Masih banyak olah kata cerdas yang terkuak di situ. Lalu berbicara tentang makna, Cak Nun dan semuanya sepakat bahwa Allah, dengan nama dan dzat-Nya adalah hal yang mutlak menjadi nomor satu. Allah ada di mana saja, dan di sinilah kita bisa memanggil Allah dengan “Engkau”, “Dia” atau bahkan “Aku”.
  • Ada di depan kita, manakala kitasedang shalat atau berdoa. Maka tak ada orang yang memalingkan muka saat melakukan shalat atau berdoa. Karena Allah ada di hadapan kita.
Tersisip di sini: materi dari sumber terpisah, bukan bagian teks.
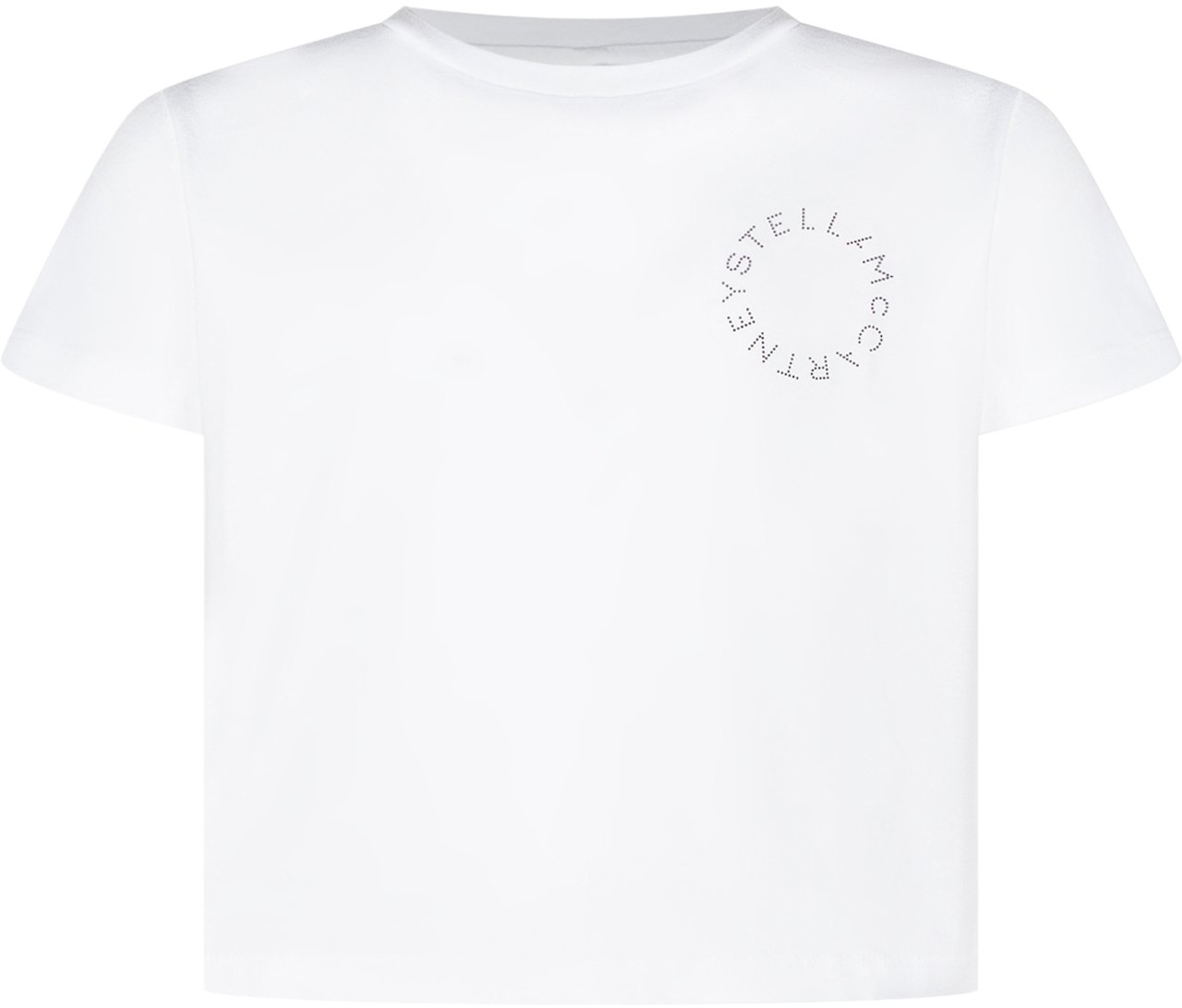 Stella McCartney T-shirt con Mini Logo Circolare sul Petto Wit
Karenanya kita menyebul Allah dengan Engkau.
  • Allah melihat kita, meskipun kita tak melihatnya. Saat itu, bisa jadi kita sedang beraktifitas, bekerja. Maka, Dia mengawasi kita.
  • Saat sedih, Allah menjadi Aku. Untuk hal ini, tentu saja Cak Nun tak perlu berpanjang lebar menguraikannya dalam dialog seperti ini.
Cak Nun adalah Cak Nun, dia memiliki kata-kata yang bisa menuju ke mana saja, namun ada perenungan di baliknya. Untuk hal ini, dia berbicara tentang betapa penyakit bangsa ini sudah sedemikian parah. Tak ada seseorangpun yang mampu memberikan obatnya.

Jika dalam penyakit medis, sebuah kasus tak bisa disembuhkan dengan cara apapun, maka Allahlah yang akan menyembuhkannya. Dalam konteks negeri ini, kiranya penyakit yang menggerogoti pertiwi ini sudah menjadi penanganan Allah. Allah yang akan memulihkannya, dengan syarat masing-masing individu melakukan self healing, berbuat baik pada diri dan keluarganya.


Demikian parahnya penyakit yang bernama korupsi di negeri ini, secara kelakar Cak Nun pribadi berseloroh bahwa :

“Silahkan saja para penguasa melakukan korupsi sekehendak hati mereka, sebanyak apa yang mampu diambilnya. Hanya ada satu permintaan, jangan persulit rakyat, jangan sakiti rakyat. Itu saja sudah cukup.”


Dari kesemuanya, ada satu hal yang peling membuat saya begitu terkesan.

Sehari menjelang gempa Jogja saat itu, Cak Nun mengirimkan untaian kata yang berasal dari Rasul untuk anak-anak Kyai Kanjeng, kelompok seni budaya yang dipimpinnya.
Dalam bahasa Indonesia, kurang lebih kata itu bermakna :

AKU RELA MENJADI APAPUN, BERTAKDIR BAGAIMANAPUN, SEMENDERITA APAPUN JIKA ALLAH INGINKAN. TAPI JANGAN JAUHKAN AKU DARI KASIH SAYANGMU.


Banyak orang yang tidak rela bernasib jelek, menderita, tersiksa. Banyak orang yang mengejar kesenangan, kemewahan, kekayaan sampai terkencing-kencing. Namun tak peduli dengan kasih sayang Allah. Padahal manusia hanya wajib menjalani kodratnya untuk berusaha, ikhtiar.

Kasih sayang Allah (mudah-mudahan kita mendapatkannya) melebihi apapun jika kita mendapatkannya. Semiskin apapun kita. Semua bagai tak memiliki arti lagi di mata kita.

Bandingkan denga jika kita tidak disukai Allah, kapan saja waktunya tiba kita akan lebih menderita. Semua pasti tak memiliki arti lagi di mata kita. Mungkin juga di mata Allah.


Rangkaian kata yang menyentak saya saat itu.
Kenapa saya tidak memulai untuk lebih bersyukur, agar Allah sudi memberikan cinta-Nya?